• _EXERCISE DESCRIPTION_: Starting at the line that contains "Sfoara PP fir", transcribe each line exactly through the last line of the data. Include nothing else.

━━━━━━━━━━━━━━━━━━━━

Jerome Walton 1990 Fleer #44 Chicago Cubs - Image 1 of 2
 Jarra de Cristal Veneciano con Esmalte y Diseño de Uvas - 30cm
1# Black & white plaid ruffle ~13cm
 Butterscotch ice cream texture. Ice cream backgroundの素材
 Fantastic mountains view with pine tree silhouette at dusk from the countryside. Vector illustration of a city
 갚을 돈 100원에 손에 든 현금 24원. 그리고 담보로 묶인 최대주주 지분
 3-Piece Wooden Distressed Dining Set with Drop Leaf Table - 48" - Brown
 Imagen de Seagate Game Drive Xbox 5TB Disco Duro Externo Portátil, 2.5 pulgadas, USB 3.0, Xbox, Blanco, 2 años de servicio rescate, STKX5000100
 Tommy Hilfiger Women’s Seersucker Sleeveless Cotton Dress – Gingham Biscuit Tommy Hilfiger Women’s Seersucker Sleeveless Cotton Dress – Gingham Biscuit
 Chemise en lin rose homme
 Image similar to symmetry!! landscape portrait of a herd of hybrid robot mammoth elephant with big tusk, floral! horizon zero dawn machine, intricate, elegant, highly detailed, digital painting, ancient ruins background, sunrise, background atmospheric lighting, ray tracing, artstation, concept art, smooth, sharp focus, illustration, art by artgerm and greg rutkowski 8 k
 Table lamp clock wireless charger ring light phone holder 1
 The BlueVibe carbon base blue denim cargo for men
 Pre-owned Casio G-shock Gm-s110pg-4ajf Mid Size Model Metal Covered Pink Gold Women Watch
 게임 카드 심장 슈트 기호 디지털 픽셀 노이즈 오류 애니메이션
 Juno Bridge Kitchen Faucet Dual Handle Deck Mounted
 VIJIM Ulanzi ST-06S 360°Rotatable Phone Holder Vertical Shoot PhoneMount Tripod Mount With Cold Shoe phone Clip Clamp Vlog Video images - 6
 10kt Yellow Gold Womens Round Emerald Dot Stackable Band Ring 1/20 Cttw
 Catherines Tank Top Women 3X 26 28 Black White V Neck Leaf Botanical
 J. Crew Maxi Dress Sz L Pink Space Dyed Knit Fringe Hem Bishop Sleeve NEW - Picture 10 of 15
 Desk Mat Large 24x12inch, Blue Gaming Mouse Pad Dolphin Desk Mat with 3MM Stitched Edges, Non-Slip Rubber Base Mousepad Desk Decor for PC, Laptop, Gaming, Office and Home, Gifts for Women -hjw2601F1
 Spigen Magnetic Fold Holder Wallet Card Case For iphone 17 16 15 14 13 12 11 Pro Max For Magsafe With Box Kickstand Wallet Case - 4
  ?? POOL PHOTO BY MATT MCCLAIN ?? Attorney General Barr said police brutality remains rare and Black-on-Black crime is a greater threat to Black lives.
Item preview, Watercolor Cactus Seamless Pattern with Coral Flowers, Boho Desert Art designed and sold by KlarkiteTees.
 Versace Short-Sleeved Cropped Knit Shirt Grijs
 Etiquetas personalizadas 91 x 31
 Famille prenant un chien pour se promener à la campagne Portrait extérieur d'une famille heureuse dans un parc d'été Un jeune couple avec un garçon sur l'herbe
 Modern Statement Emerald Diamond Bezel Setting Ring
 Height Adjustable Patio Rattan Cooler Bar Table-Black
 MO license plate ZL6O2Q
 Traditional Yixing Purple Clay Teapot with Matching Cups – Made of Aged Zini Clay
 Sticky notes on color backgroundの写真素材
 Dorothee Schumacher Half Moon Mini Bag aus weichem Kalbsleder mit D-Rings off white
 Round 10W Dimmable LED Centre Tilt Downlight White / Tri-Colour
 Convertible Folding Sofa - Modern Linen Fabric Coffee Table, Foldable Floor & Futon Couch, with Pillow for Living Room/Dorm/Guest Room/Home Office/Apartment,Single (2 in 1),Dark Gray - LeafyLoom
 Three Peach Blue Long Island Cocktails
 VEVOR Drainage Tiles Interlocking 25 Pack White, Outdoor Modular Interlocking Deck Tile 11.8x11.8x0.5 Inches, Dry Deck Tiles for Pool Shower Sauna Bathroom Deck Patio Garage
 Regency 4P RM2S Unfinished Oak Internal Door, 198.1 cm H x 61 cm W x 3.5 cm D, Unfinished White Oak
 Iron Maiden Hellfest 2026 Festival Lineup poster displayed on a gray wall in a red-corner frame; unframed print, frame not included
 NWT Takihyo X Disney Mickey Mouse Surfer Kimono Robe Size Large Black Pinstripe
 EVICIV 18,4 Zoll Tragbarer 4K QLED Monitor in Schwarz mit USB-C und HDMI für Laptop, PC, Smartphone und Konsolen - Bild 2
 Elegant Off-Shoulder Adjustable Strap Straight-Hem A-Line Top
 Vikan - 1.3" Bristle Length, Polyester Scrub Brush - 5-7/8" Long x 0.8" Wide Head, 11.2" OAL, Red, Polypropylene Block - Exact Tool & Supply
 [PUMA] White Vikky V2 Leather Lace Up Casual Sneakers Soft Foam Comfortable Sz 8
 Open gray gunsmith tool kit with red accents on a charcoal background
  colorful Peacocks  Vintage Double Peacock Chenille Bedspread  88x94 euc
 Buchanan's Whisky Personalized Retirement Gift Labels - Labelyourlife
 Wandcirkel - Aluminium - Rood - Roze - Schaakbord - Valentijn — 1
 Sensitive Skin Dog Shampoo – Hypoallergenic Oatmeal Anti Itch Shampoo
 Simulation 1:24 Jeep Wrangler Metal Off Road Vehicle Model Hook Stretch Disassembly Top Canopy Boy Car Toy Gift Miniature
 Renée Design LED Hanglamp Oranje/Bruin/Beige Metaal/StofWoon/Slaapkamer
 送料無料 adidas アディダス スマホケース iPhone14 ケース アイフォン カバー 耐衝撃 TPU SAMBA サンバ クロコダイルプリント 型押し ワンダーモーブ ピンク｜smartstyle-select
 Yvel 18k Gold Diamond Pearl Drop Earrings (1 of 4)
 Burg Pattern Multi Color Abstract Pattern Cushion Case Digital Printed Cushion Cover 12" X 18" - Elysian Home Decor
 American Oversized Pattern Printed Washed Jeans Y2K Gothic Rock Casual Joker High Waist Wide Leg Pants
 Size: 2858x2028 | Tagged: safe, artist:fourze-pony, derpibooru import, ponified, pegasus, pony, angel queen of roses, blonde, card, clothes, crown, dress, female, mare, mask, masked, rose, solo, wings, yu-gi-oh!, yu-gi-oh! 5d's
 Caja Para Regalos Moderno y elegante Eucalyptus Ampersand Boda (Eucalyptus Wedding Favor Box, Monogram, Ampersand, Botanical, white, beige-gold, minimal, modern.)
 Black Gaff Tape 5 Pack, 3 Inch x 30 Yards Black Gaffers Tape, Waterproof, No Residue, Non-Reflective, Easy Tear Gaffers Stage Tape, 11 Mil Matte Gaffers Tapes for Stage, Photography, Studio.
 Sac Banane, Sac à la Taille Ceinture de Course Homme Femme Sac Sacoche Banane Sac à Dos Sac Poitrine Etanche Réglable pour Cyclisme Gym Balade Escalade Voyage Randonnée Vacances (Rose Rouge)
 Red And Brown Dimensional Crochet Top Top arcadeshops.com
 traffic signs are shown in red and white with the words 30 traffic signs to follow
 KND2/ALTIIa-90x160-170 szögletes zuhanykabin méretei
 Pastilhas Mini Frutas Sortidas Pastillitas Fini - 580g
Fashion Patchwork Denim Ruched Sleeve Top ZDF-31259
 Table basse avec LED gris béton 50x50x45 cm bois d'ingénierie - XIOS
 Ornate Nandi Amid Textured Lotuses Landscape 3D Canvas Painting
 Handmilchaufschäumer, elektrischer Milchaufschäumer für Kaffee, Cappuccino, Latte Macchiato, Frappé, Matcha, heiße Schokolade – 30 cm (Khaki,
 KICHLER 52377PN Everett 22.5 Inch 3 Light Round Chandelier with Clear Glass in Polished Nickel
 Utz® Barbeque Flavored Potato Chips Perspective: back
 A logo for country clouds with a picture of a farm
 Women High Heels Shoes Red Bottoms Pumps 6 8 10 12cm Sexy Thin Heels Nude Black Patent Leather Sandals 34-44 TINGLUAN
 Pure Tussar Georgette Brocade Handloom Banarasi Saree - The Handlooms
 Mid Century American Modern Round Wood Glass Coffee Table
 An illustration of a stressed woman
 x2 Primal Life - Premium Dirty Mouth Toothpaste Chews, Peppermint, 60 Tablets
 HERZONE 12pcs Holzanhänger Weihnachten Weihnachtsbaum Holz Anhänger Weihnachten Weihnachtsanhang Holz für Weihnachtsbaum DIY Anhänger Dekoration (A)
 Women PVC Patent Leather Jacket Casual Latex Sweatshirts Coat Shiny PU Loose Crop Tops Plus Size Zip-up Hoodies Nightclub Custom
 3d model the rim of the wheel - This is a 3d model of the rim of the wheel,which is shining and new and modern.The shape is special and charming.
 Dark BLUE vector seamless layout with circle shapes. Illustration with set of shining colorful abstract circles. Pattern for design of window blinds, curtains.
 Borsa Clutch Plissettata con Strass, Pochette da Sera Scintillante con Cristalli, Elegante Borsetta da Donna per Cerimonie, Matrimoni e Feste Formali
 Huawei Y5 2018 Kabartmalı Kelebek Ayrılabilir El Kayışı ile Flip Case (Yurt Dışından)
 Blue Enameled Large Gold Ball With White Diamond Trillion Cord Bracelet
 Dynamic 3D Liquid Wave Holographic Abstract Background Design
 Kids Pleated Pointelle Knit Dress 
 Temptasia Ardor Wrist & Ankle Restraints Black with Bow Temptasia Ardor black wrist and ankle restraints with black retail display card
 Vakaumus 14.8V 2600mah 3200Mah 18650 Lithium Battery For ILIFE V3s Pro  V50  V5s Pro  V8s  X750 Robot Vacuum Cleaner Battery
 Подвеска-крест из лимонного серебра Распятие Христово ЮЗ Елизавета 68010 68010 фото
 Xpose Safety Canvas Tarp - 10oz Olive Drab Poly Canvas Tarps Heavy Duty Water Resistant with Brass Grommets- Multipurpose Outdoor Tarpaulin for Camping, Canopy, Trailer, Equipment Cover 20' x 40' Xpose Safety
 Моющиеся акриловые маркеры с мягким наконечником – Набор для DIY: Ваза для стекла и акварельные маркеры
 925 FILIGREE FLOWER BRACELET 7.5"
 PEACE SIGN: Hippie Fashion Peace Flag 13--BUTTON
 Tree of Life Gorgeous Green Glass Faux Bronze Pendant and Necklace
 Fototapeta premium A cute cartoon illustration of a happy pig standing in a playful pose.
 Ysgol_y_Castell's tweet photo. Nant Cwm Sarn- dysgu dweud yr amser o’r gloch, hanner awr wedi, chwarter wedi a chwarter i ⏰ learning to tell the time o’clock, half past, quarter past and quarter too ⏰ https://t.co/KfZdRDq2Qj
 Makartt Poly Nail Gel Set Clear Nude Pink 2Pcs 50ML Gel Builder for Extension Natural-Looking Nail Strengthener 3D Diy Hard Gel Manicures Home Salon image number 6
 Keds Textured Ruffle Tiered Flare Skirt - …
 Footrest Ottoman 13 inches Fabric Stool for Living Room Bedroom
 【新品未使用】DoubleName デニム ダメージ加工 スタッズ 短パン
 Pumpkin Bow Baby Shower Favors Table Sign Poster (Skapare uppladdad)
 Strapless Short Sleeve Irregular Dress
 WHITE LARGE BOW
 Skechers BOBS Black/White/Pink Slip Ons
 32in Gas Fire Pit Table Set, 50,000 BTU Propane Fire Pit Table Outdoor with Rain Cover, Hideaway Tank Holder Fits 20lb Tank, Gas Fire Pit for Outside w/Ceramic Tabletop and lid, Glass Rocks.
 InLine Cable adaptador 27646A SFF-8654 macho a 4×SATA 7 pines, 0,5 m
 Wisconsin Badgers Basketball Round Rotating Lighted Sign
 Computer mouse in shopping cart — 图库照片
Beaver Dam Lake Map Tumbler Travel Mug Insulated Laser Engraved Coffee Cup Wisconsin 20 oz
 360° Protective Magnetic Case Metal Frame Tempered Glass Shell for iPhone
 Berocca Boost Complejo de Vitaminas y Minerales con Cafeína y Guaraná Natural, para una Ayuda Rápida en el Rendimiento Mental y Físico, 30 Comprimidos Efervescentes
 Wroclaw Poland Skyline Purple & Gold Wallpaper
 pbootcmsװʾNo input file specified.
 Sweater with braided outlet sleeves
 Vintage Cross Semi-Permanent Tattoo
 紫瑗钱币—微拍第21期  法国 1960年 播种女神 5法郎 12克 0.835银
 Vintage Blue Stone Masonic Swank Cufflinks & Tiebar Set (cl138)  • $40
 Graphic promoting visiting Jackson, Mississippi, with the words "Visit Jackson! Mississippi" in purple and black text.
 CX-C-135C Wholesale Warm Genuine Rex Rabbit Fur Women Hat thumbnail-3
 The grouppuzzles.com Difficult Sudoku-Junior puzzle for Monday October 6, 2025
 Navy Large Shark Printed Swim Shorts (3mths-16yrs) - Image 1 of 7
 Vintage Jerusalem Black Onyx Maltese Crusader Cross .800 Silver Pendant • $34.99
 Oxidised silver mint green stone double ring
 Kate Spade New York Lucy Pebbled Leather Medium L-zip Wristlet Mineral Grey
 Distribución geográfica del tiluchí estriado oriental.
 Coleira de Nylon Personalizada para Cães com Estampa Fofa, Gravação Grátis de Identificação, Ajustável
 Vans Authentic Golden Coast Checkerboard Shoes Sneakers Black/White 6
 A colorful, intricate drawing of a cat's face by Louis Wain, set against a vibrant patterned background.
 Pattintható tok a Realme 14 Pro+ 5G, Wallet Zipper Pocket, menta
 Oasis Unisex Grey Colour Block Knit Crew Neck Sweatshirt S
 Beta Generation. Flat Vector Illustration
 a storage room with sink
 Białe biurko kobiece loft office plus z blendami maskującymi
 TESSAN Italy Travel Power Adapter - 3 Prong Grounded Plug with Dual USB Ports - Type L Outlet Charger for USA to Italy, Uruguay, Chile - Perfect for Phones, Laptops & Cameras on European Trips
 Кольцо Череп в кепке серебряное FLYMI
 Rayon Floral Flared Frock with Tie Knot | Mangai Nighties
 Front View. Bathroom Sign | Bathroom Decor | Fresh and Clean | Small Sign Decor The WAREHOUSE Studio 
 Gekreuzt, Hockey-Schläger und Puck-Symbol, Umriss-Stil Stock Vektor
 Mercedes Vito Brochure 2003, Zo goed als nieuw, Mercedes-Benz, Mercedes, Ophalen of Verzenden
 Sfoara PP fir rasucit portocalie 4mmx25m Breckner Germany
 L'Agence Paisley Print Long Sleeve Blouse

━━━━━━━━━━━━━━━━━━━━

• _PROBLEM SOLUTION_:
 Sfoara PP fir rasucit portocalie 4mmx25m Breckner Germany
 L'Agence Paisley Print Long Sleeve Blouse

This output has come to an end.